WORK REQUEST — Nothing in the records may be left out or altered; reproduce them all exactly.

Short web captions:
****

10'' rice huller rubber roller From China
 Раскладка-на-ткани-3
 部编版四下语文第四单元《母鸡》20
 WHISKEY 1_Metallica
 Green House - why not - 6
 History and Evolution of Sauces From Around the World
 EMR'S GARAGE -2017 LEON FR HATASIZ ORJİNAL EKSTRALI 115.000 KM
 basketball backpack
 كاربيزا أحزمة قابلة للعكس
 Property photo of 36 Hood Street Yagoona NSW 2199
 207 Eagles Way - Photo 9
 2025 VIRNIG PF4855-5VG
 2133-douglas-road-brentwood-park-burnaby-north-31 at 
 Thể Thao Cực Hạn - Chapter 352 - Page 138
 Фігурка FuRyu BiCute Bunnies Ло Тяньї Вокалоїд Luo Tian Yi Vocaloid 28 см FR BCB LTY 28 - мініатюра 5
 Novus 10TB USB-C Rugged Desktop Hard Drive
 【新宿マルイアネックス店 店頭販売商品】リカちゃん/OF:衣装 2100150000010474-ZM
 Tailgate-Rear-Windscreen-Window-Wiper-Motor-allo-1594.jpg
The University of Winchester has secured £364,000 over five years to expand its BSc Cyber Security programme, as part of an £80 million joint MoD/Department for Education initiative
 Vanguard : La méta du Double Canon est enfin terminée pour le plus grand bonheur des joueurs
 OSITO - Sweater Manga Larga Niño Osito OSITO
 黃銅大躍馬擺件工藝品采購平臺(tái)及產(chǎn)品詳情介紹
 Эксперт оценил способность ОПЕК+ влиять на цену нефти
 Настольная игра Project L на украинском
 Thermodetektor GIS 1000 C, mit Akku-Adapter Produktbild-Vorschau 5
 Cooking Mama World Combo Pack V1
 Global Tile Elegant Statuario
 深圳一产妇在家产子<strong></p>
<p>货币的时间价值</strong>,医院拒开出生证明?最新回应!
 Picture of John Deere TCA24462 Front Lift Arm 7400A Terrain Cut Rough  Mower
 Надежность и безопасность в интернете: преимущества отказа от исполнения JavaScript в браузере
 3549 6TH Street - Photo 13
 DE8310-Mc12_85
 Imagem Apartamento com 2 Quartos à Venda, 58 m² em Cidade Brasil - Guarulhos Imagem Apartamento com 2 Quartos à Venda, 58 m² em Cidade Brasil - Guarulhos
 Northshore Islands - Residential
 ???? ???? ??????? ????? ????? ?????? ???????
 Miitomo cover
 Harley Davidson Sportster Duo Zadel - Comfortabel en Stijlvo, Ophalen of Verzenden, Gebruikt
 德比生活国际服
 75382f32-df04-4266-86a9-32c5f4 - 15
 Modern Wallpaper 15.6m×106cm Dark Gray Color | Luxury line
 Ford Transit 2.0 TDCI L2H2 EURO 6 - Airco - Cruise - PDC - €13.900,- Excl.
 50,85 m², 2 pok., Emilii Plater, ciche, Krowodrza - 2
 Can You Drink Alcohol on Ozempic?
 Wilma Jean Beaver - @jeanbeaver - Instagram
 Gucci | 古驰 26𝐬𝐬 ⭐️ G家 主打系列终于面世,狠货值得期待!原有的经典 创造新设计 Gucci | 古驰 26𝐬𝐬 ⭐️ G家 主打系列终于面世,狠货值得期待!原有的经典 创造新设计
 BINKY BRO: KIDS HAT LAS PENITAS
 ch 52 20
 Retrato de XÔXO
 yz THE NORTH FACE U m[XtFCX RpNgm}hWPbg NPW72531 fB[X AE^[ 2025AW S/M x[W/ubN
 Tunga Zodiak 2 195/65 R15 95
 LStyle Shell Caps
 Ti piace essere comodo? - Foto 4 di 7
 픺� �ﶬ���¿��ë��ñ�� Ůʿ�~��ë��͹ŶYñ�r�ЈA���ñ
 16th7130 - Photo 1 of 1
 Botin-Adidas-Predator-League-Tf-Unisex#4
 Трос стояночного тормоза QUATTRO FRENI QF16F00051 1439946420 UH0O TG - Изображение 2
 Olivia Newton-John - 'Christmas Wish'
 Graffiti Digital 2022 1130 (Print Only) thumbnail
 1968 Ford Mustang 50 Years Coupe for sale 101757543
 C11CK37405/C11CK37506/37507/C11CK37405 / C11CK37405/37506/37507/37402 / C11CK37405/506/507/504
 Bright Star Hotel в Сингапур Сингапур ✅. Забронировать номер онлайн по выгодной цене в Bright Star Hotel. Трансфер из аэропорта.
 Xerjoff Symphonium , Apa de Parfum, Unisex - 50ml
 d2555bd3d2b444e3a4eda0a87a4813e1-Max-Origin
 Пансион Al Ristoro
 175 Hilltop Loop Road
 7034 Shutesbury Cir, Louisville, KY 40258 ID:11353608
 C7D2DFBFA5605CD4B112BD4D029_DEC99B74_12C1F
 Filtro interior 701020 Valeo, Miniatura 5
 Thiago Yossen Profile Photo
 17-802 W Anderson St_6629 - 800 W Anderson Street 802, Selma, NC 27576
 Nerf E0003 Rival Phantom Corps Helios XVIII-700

****

EXPECTED OUTPUT —
10'' rice huller rubber roller From China
 Раскладка-на-ткани-3
 部编版四下语文第四单元《母鸡》20
 WHISKEY 1_Metallica
 Green House - why not - 6
 History and Evolution of Sauces From Around the World
 EMR'S GARAGE -2017 LEON FR HATASIZ ORJİNAL EKSTRALI 115.000 KM
 basketball backpack
 كاربيزا أحزمة قابلة للعكس
 Property photo of 36 Hood Street Yagoona NSW 2199
 207 Eagles Way - Photo 9
 2025 VIRNIG PF4855-5VG
 2133-douglas-road-brentwood-park-burnaby-north-31 at 
 Thể Thao Cực Hạn - Chapter 352 - Page 138
 Фігурка FuRyu BiCute Bunnies Ло Тяньї Вокалоїд Luo Tian Yi Vocaloid 28 см FR BCB LTY 28 - мініатюра 5
 Novus 10TB USB-C Rugged Desktop Hard Drive
 【新宿マルイアネックス店 店頭販売商品】リカちゃん/OF:衣装 2100150000010474-ZM
 Tailgate-Rear-Windscreen-Window-Wiper-Motor-allo-1594.jpg
The University of Winchester has secured £364,000 over five years to expand its BSc Cyber Security programme, as part of an £80 million joint MoD/Department for Education initiative
 Vanguard : La méta du Double Canon est enfin terminée pour le plus grand bonheur des joueurs
 OSITO - Sweater Manga Larga Niño Osito OSITO
 黃銅大躍馬擺件工藝品采購平臺(tái)及產(chǎn)品詳情介紹
 Эксперт оценил способность ОПЕК+ влиять на цену нефти
 Настольная игра Project L на украинском
 Thermodetektor GIS 1000 C, mit Akku-Adapter Produktbild-Vorschau 5
 Cooking Mama World Combo Pack V1
 Global Tile Elegant Statuario
 深圳一产妇在家产子<strong></p>
<p>货币的时间价值</strong>,医院拒开出生证明?最新回应!
 Picture of John Deere TCA24462 Front Lift Arm 7400A Terrain Cut Rough  Mower
 Надежность и безопасность в интернете: преимущества отказа от исполнения JavaScript в браузере
 3549 6TH Street - Photo 13
 DE8310-Mc12_85
 Imagem Apartamento com 2 Quartos à Venda, 58 m² em Cidade Brasil - Guarulhos Imagem Apartamento com 2 Quartos à Venda, 58 m² em Cidade Brasil - Guarulhos
 Northshore Islands - Residential
 ???? ???? ??????? ????? ????? ?????? ???????
 Miitomo cover
 Harley Davidson Sportster Duo Zadel - Comfortabel en Stijlvo, Ophalen of Verzenden, Gebruikt
 德比生活国际服
 75382f32-df04-4266-86a9-32c5f4 - 15
 Modern Wallpaper 15.6m×106cm Dark Gray Color | Luxury line
 Ford Transit 2.0 TDCI L2H2 EURO 6 - Airco - Cruise - PDC - €13.900,- Excl.
 50,85 m², 2 pok., Emilii Plater, ciche, Krowodrza - 2
 Can You Drink Alcohol on Ozempic?
 Wilma Jean Beaver - @jeanbeaver - Instagram
 Gucci | 古驰 26𝐬𝐬 ⭐️ G家 主打系列终于面世,狠货值得期待!原有的经典 创造新设计 Gucci | 古驰 26𝐬𝐬 ⭐️ G家 主打系列终于面世,狠货值得期待!原有的经典 创造新设计
 BINKY BRO: KIDS HAT LAS PENITAS
 ch 52 20
 Retrato de XÔXO
 yz THE NORTH FACE U m[XtFCX RpNgm}hWPbg NPW72531 fB[X AE^[ 2025AW S/M x[W/ubN
 Tunga Zodiak 2 195/65 R15 95
 LStyle Shell Caps
 Ti piace essere comodo? - Foto 4 di 7
 픺� �ﶬ���¿��ë��ñ�� Ůʿ�~��ë��͹ŶYñ�r�ЈA���ñ
 16th7130 - Photo 1 of 1
 Botin-Adidas-Predator-League-Tf-Unisex#4
 Трос стояночного тормоза QUATTRO FRENI QF16F00051 1439946420 UH0O TG - Изображение 2
 Olivia Newton-John - 'Christmas Wish'
 Graffiti Digital 2022 1130 (Print Only) thumbnail
 1968 Ford Mustang 50 Years Coupe for sale 101757543
 C11CK37405/C11CK37506/37507/C11CK37405 / C11CK37405/37506/37507/37402 / C11CK37405/506/507/504
 Bright Star Hotel в Сингапур Сингапур ✅. Забронировать номер онлайн по выгодной цене в Bright Star Hotel. Трансфер из аэропорта.
 Xerjoff Symphonium , Apa de Parfum, Unisex - 50ml
 d2555bd3d2b444e3a4eda0a87a4813e1-Max-Origin
 Пансион Al Ristoro
 175 Hilltop Loop Road
 7034 Shutesbury Cir, Louisville, KY 40258 ID:11353608
 C7D2DFBFA5605CD4B112BD4D029_DEC99B74_12C1F
 Filtro interior 701020 Valeo, Miniatura 5
 Thiago Yossen Profile Photo
 17-802 W Anderson St_6629 - 800 W Anderson Street 802, Selma, NC 27576
 Nerf E0003 Rival Phantom Corps Helios XVIII-700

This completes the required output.